***** GIVEN INFORMATION *****

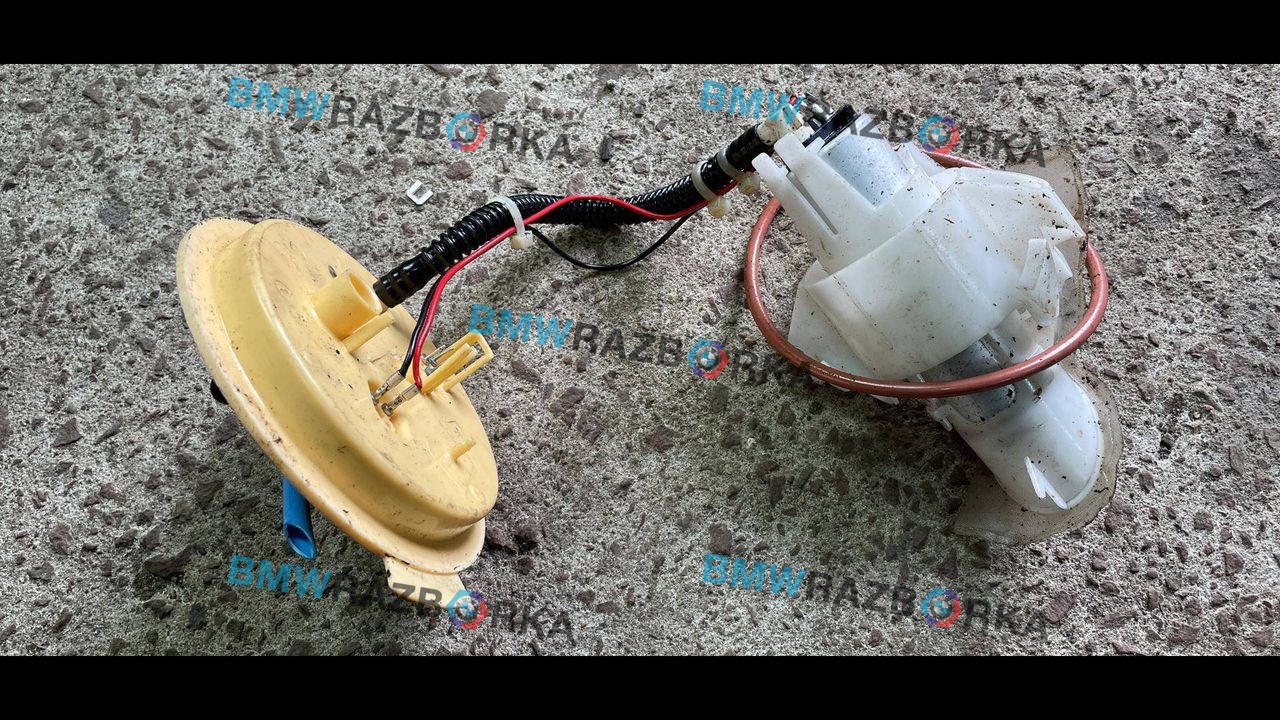 колба в бак BMW 5 серия F10/F11 [рестайлинг] F10 2016, 3.0 л., D, N57 D30 A, дизель, АКПП, седан, задний привод, правый руль, 7217065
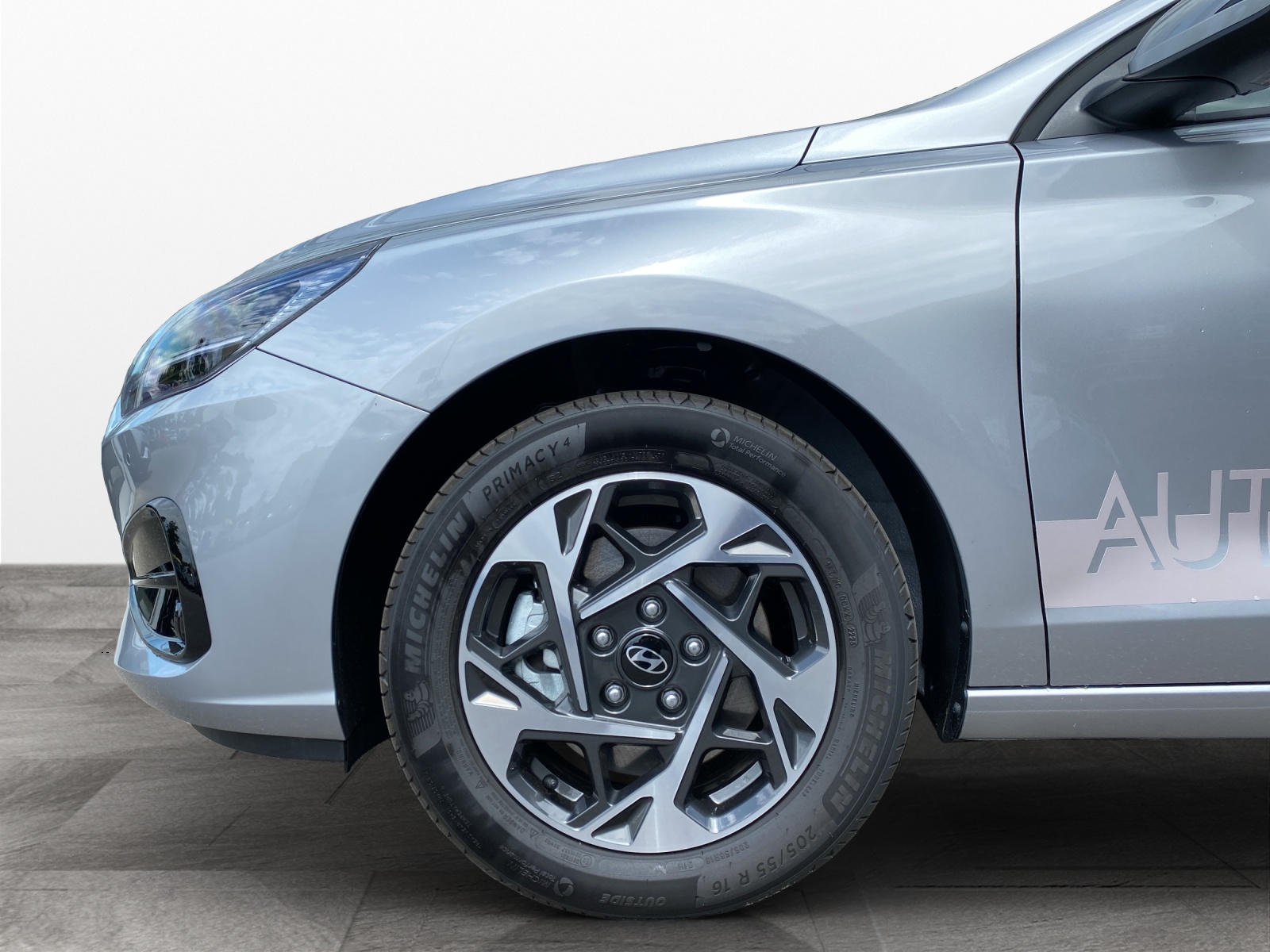 HYUNDAI i30 Wagon 1.5 T-GDi Amplia-image-8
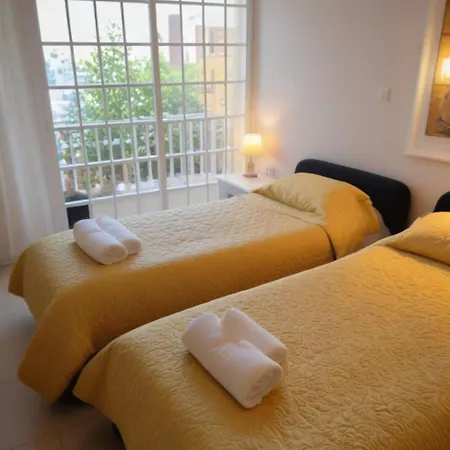 Hébergement de vacances Three Bedroom With Fireplace And Piano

*****

### WORK TASK
Please return only the lines running from the line with "HYUNDAI i30 Wagon 1.5 T-GDi Amplia-image-8" to the final line of the data, both included, exactly and without any pictures.

### FINISHED TASK
 HYUNDAI i30 Wagon 1.5 T-GDi Amplia-image-8
 Hébergement de vacances Three Bedroom With Fireplace And Piano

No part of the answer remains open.